Um estudo inédito revelou que a vegetação na Antártida cobre aproximadamente 107.000 hectares, uma extensão comparável ao tamanho da cidade de Berlim.
Este mapeamento representa a primeira análise abrangente das zonas sem gelo do continente mais austral do planeta.
O continente antártico possui uma superfície total de 1.366 milhões de hectares.
As áreas livres de gelo ocupam 2,4 milhões de hectares, menos de 1% do território total.
Dessas zonas descobertas, cerca de 5% conta com flora, segundo o mapeamento realizado pela rede MapBiomas com base em imagens de satélite.
Os quatro tipos de vegetação na Antártida
O estudo identificou diferentes formações vegetais que prosperam no continente gelado:
- Líquens
- Musgos
- Algas terrestres
- Gramíneas

Essas espécies brotam principalmente em ilhas, regiões costeiras e na península antártica.
Também são encontradas em cumes montanhosos do interior do continente, onde as condições são extremas.
É que essa flora cresce em um ambiente onde as temperaturas máximas médias no verão oscilam entre 1° e 3°C, para as ilhas antárticas.
No interior, na zona montanhosa mais alta, as médias são ainda piores: entre -15° e -30°C, com mínimas entre -20° e -35°C.
Um estudo chave para monitorar a mudança climática
A coordenadora do estudo, Eliana Fonseca, explicou que o mapeamento realizado “é crucial” para fazer acompanhamentos dos impactos da mudança climática no continente antártico.
É que as áreas livres de gelo são fundamentais para a fauna local.
Lá, “durante o verão nascem as crias das espécies animais que habitam esse ambiente (como os pinguins)”, afirmou Fonseca.
“Os ninhos são construídos em zonas sem gelo, por isso é importante mapeá-los para um melhor acompanhamento da saúde desses animais“, destacou a especialista.
O mapa de vegetação na Antártida fornece informações sobre a produtividade dos ecossistemas.
Em particular, isso facilita o monitoramento da mudança climática e das zonas mais vulneráveis do continente.

A Antártida, um termostato para o hemisfério sul
A importância da Antártida para o clima global é fundamental.
É lá que se formam as frentes frias que atuam no hemisfério sul. Esses sistemas influenciam a temperatura e chuvas de toda a região.
“Devido às suas baixas temperaturas e à sua extensa camada de gelo, o continente atua como uma importante fonte de massas de ar frio e seco”, explicou Fonseca.
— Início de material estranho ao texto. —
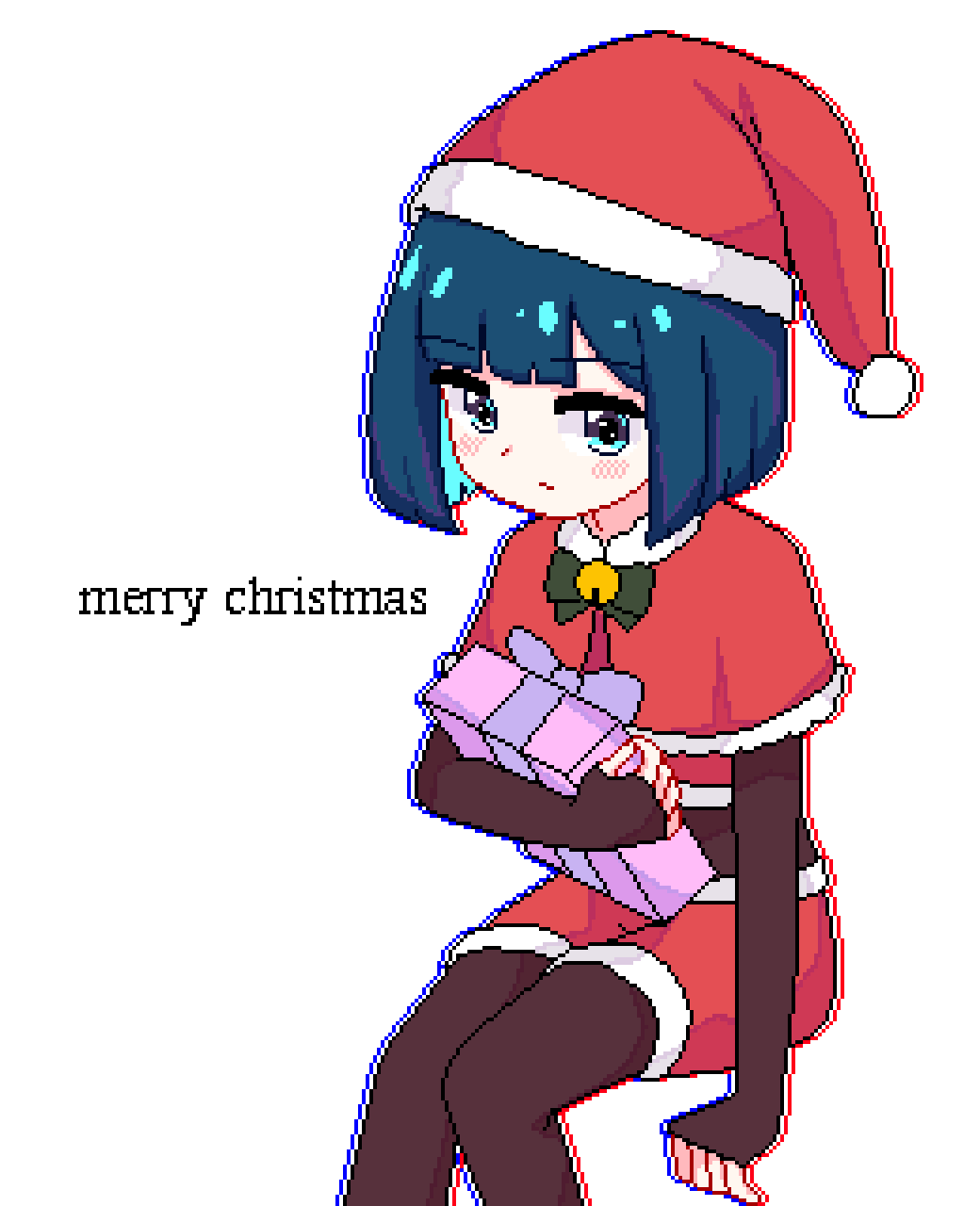 1girl aqua_eyes aqua_hair bell black_pantyhose black_sleeves blue_hair blunt_bangs blush bob_cut box capelet chibikki christmas chromatic_aberration closed_mouth colored_inner_hair crop_top dot_mouth dot_nose dress fur-trimmed_capelet fur-trimmed_dress fur-trimmed_headwear fur_trim gift gift_box hat highres jingle_bell long_sleeves looking_at_viewer merry_christmas multicolored_hair nanako_(chibikki) neck_bell no_halo original pantyhose pixel_art red_capelet red_dress red_headwear santa_costume santa_dress santa_hat short_hair shorts simple_background sitting solo two-tone_hair white_background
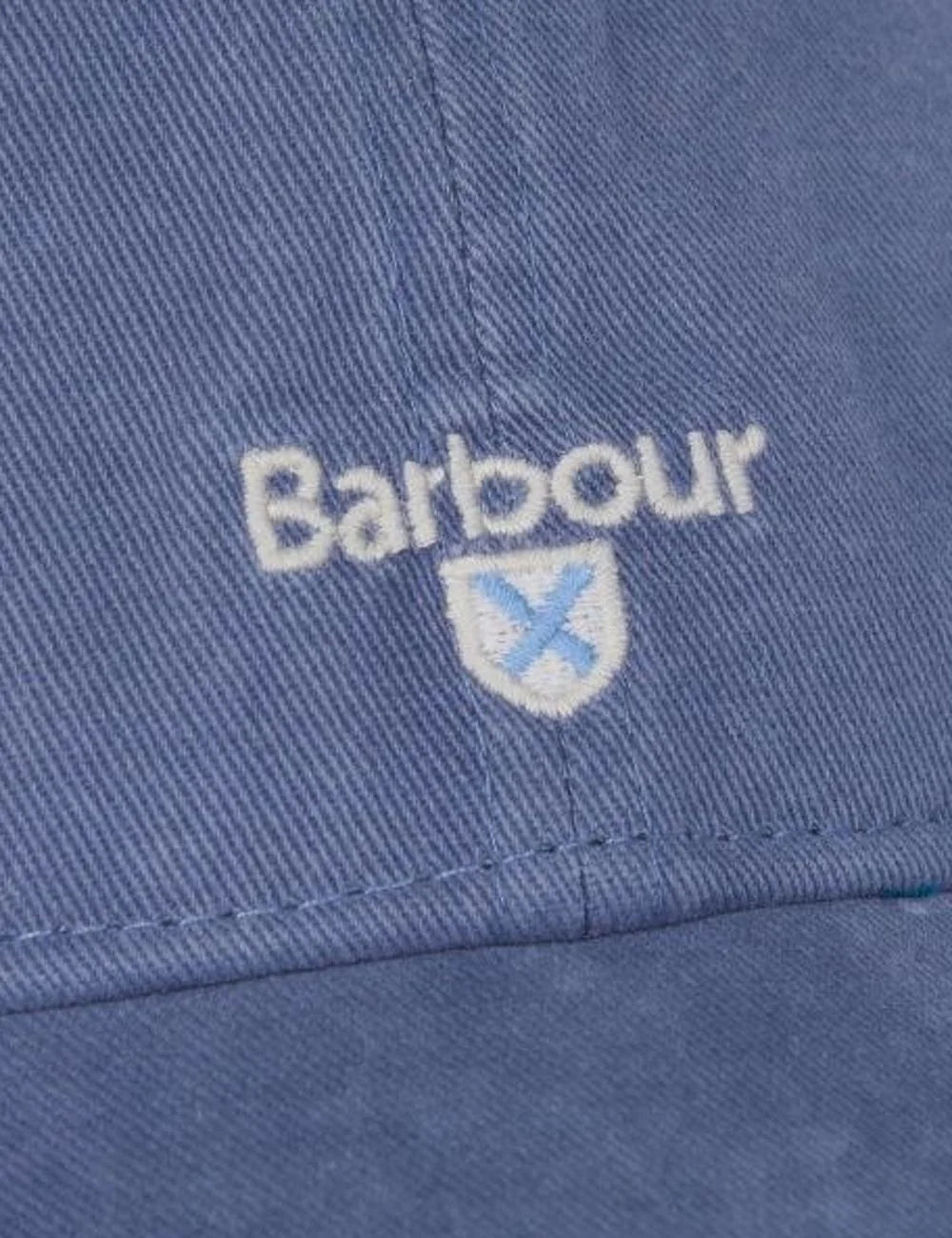barbour cotton baseball cap blue front logo view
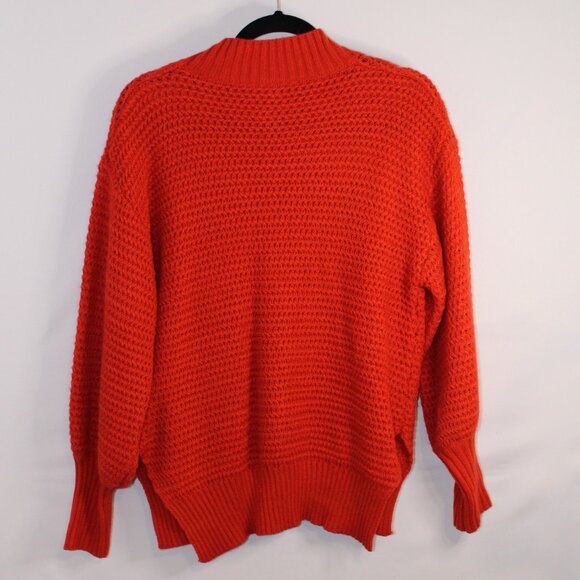 Womens orange chunky knit long-sleeve mock turtleneck ribbed hem and cuff XL - Picture 7 of 9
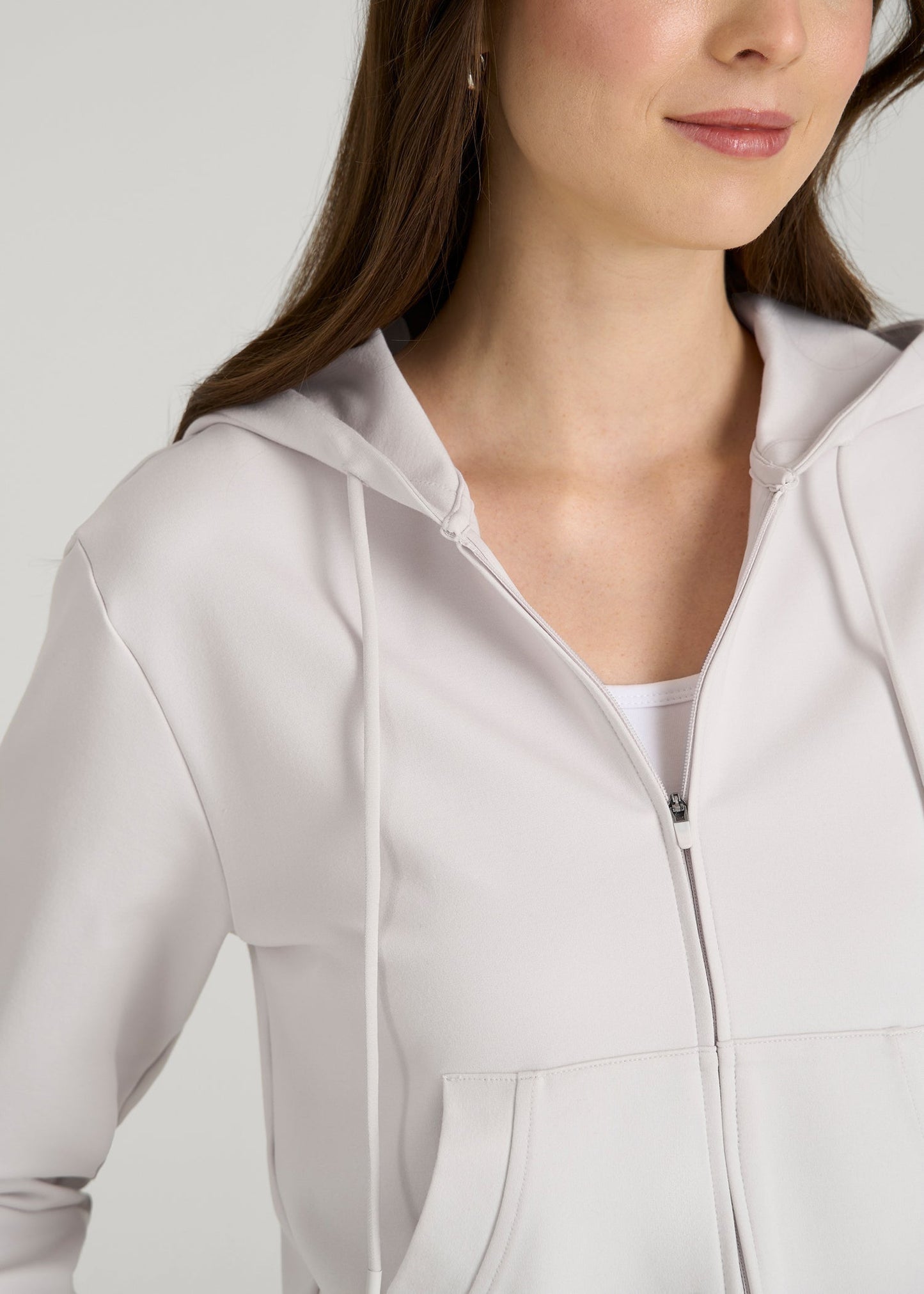 Flex Ponte Cropped Hoodie for Tall Women in White Sand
Essas massas funcionam como um termostato e repercutem nas temperaturas globais, destacou a coordenadora do estudo.
O mapeamento enfrentou desafios técnicos significativos. A falta de radiação solar durante os meses de inverno impede identificar as áreas livres de gelo fora do verão.
Com a chegada do inverno, toda essa vegetação na Antártida morre, deixando apenas esporos, sementes e estruturas vegetativas.
Tudo isso, no entanto, brotará novamente no verão seguinte nas mesmas zonas.